If you have more than a passing relationship with web design you’ll be familiar with “the fold”. If you’ve less than a passing interest in web design then you’re unlikely to be familiar with the concept of “the fold”, either way you could be under its spell.
The fold refers to the top section of a website – the part you see when the page first loads, before any scrolling takes place. It’s taken from the way large newspapers used to be folded on shelves or on the newsstand; the top half of the page would face front, showing the logo, the title, the main headlines and stories. Anything below the fold would be face down and hidden, so publishers and designers would have to ensure the good stuff was the above the fold in order to attract the attention of passers-by and potential buyers.
During the web’s infancy and its attempt to find its feet as a design medium in itself, a lot of cues would be taken from the print industry and designers would attempt to construct a website using the principles of paper-based graphic design. Generally, a lot of these conventions make perfect sense when transferred across the web; logo at the top/top-left, text copy displayed in columns, small-print in the footer, etc. With each new generation of common computer monitor size and resolution there was an unspoken, agreed fold height that designers would work above. However, how do we guess the fold within the modern dichotomy of both mobile and large-screen web?
The shift towards mobile browsing
The number of people browsing on tablets, smartphones and other non-desktop devices is rising steadily; we can no longer put all of our design eggs into a single browser-size basket. Content that sits nicely above the fold on a large monitor at home will be cut off on a laptop screen, and will take a few swipes to scroll to on a smartphone. Trying to estimate and design within the fold becomes futile. Instead, now that we’re constructing our websites with a responsive design to control the layout at differing screen widths, we should be less sensitive to a fixed cut-off point, and simply be mindful of the optimum opening content in different environments and adjust accordingly.
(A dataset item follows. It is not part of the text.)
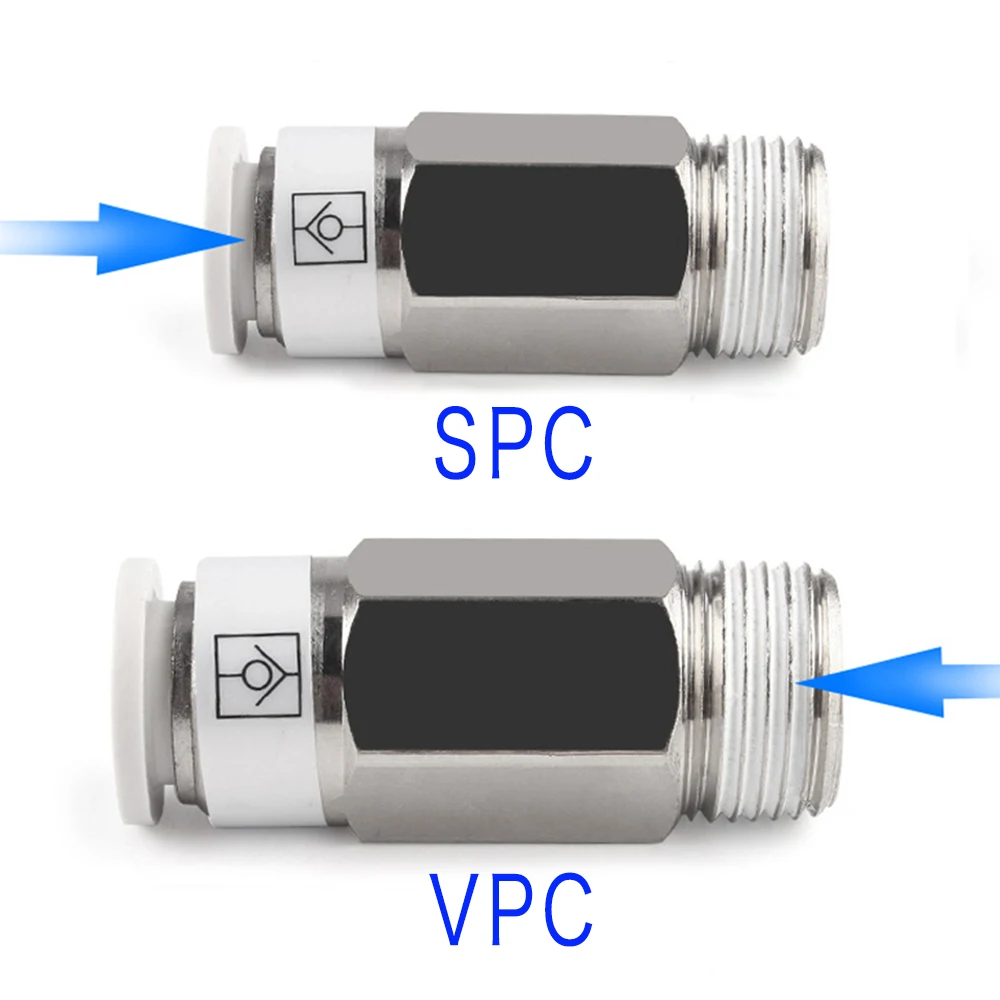 Пневматический соединитель VPC SPC 
Пневматический соединитель VPC SPC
The trick isn’t to shove all of the important stuff above the fold, but to ensure that the right stuff is shown first, to encourage site exploration. Mission statements, product summaries or preview images will spark a user’s interest, hopefully decreasing bounce rates. A call-to-action or a contact form could function just as successfully in the footer if a natural journey down is cultivated. We need to get under the skin of our users, determine who they are, what they’re expecting to see and how to give them the best possible journey navigating a site. Users will respond better to gentle guidance than to shouting.